- 18

640 130 12
                                    

Senjata-senjata disimpan di gudang. Ada di Grand Palace. Aku meletakkan aset kerajaan di sana karena kupikir, Grand Palace itu aman dari bandit gunung, perompak samudera, organisasi pencuri, dan tangan-tangan korup pejabat wilayah. Namun asumsi barusan terbantahkan ketika Thorn bilang, seseorang berusaha membobol masuk Grand Palace.

Aku dan Yaya memutuskan pulang ke ibu kota. Kami meninggalkan perbatasan yang dijaga oleh panglima-panglima itu, seorang duke, dan Marques.

Selama setengah hari, kekhawatiran-kekhawatiran melingkupi kepalaku. Aku bisa mati karena stress dan berbagai macam tekanan mental.

Aku dan Yaya beberapa kali melipir. Beristirahat. Memantau keadaan sekitar. Mewawancarai petani yang lewat mengenai pajak karena perang. Minum air di aliran sungai menuju air terjun, lalu melanjutkan perjalanan.

Seperdua hari bekendara dengan kuda berakhir dengan terbenamnya matahari. Langit masih menyala. Oranye warnanya. Tapi sinarnya meredup.
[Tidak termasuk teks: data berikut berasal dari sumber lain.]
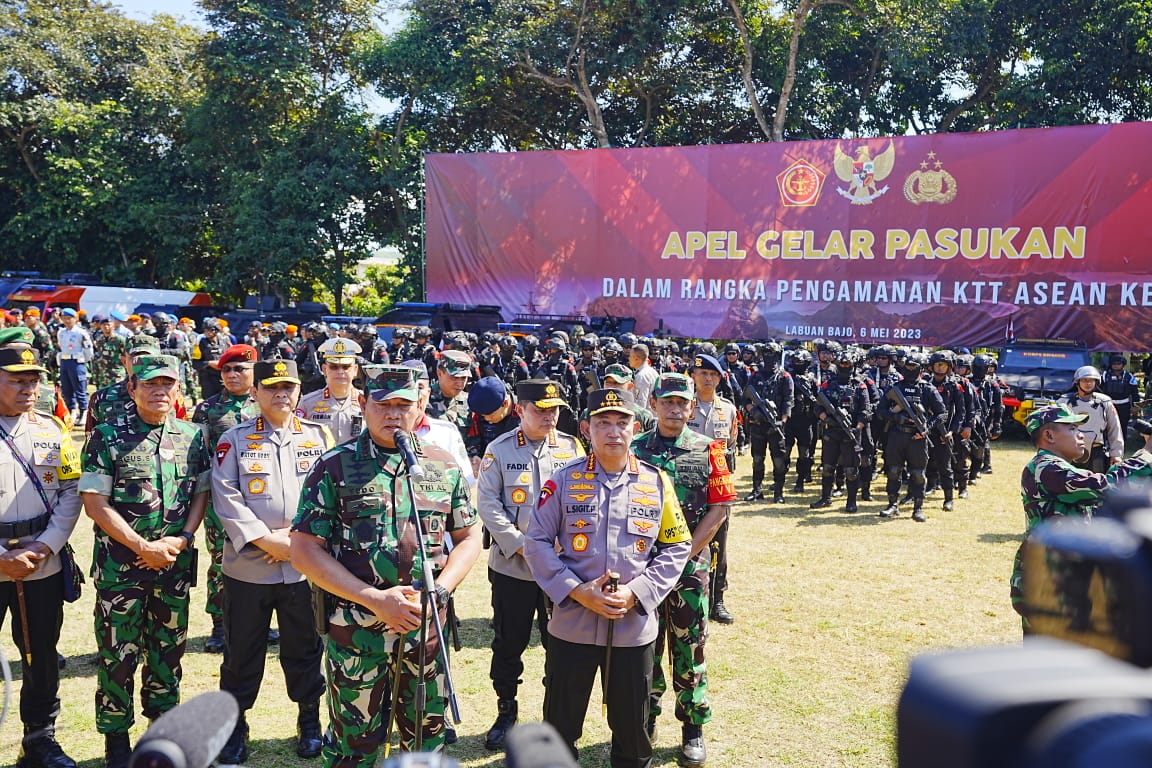 Apel Gelar Pasukan, Kapolri dan Panglima Tegaskan TNI-Polri Bersinergi dan Solid Amankan KTT ASEAN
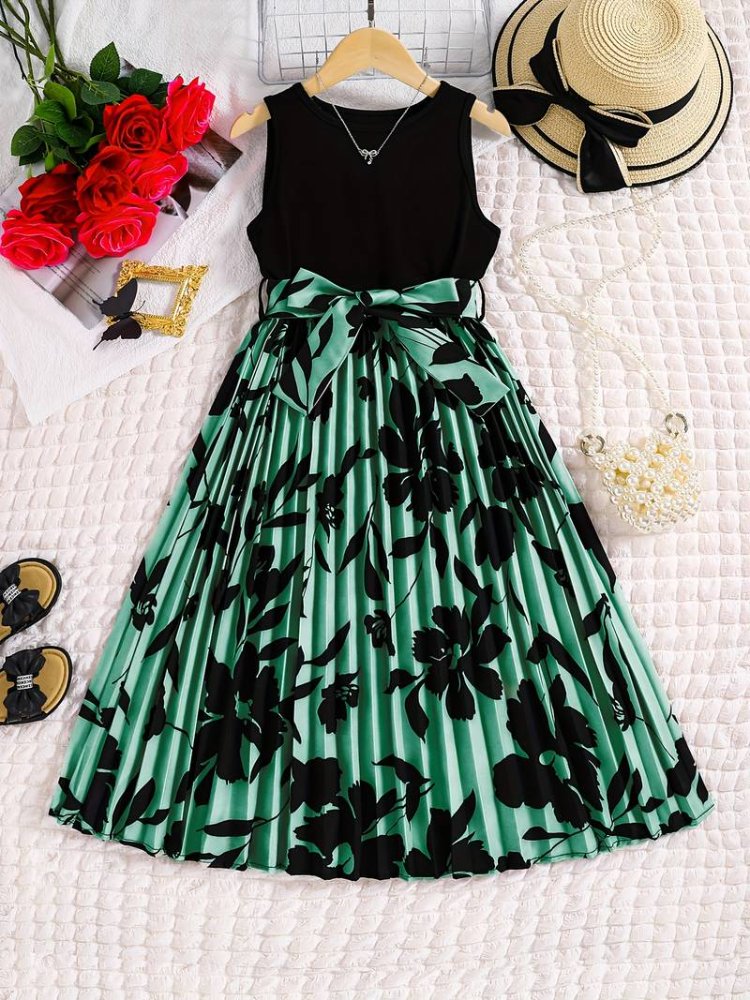 Vestido de niña, vestido negro con verde, parte superior negro con cuello redondo, parte inferior verde con estampado de flores color negro, cinta en la cintura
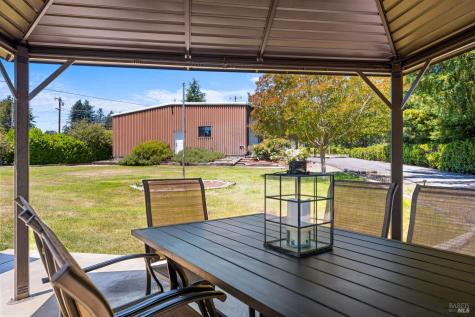 8191 Appian Way Sebastopol CA 95472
Jalanan masih terang, obor-obor di pemukiman ibu kota mulai dinyalakan oleh korek pemantik. Lentera-lentera minyak berpijar pada pasak besi.

"Siapa menurutmu yang berniat mencuri?" Yaya meminta pendapat. Ia masih duduk di atas pelananya tanpa mengeluh karena telah berkuda selama setengah hari.

Aku mengelus dagu, memandangi kubah-kubah megah Grand Palace yang terlihat berkilauan sepanjang waktu dari bawah sini.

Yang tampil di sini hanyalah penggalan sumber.